=== Records for processing ===

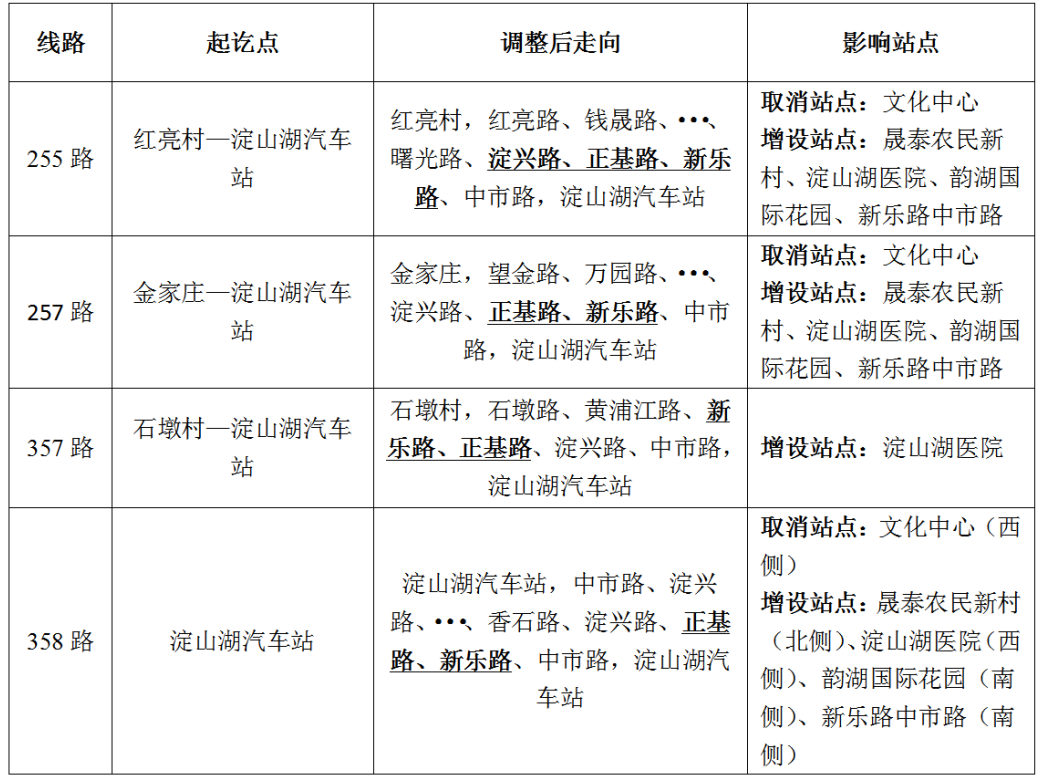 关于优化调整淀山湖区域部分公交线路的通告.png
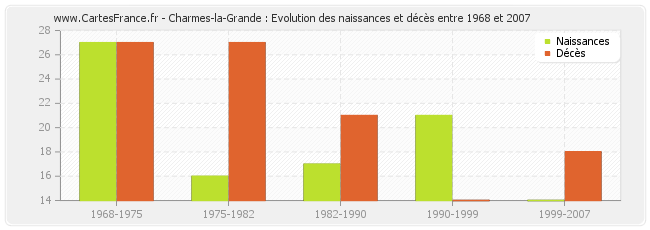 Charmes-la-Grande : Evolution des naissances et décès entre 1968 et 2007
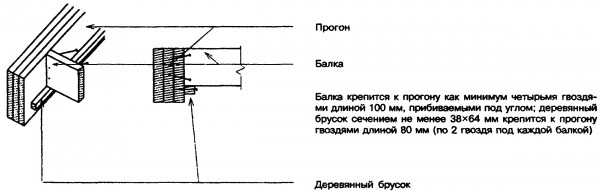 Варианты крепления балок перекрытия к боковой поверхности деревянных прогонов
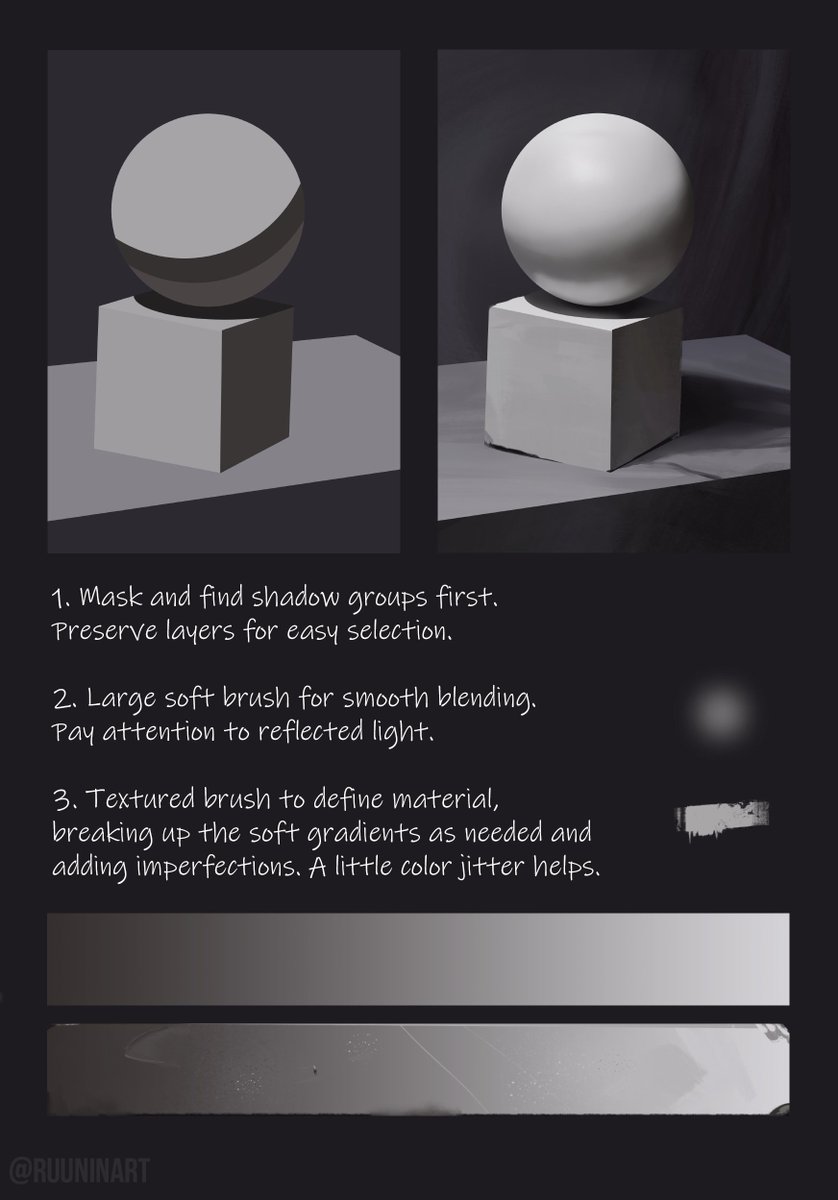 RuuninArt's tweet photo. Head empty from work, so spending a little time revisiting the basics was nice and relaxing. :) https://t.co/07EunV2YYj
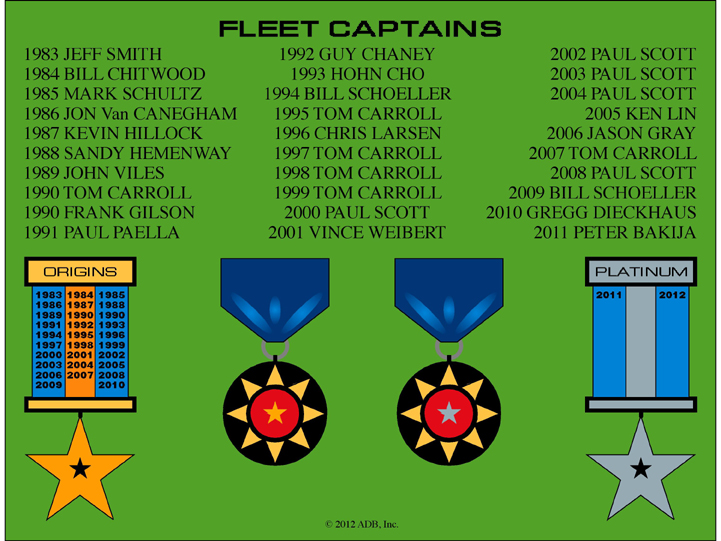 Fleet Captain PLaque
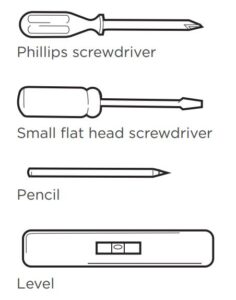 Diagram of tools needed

===

* **What to do**
Leaving out the pictures, return exactly the lines from the one that contains "RuuninArt's tweet photo." through the last line of the records above, inclusive.

* **Reply**
 RuuninArt's tweet photo. Head empty from work, so spending a little time revisiting the basics was nice and relaxing. :) https://t.co/07EunV2YYj
 Fleet Captain PLaque
 Diagram of tools needed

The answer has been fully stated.